● **The data**
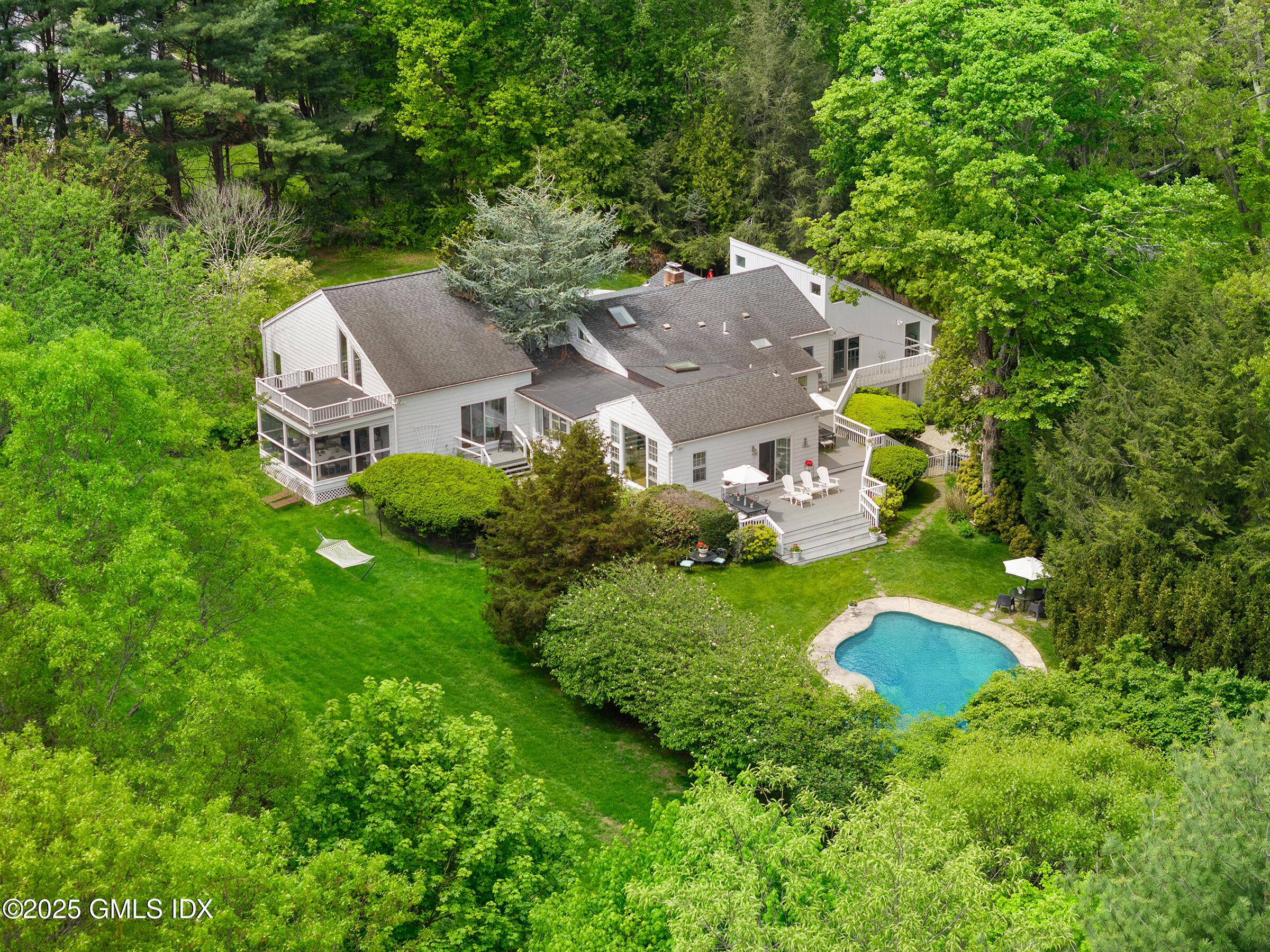 an aerial view of a house with yard swimming pool and outdoor seating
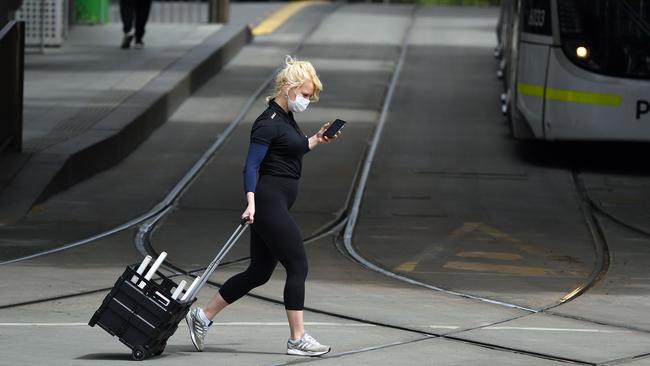 A woman crosses a near-deserted street in Melbourne on Sunday. Picture: AFP)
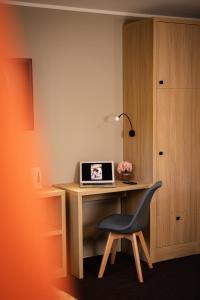 a desk with a laptop and a chair in a room at Best Inn in Bydgoszcz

● **What you have to do**
Copy the data word for word, no pictures.

● **Written answer**
 an aerial view of a house with yard swimming pool and outdoor seating
 A woman crosses a near-deserted street in Melbourne on Sunday. Picture: AFP)
 a desk with a laptop and a chair in a room at Best Inn in Bydgoszcz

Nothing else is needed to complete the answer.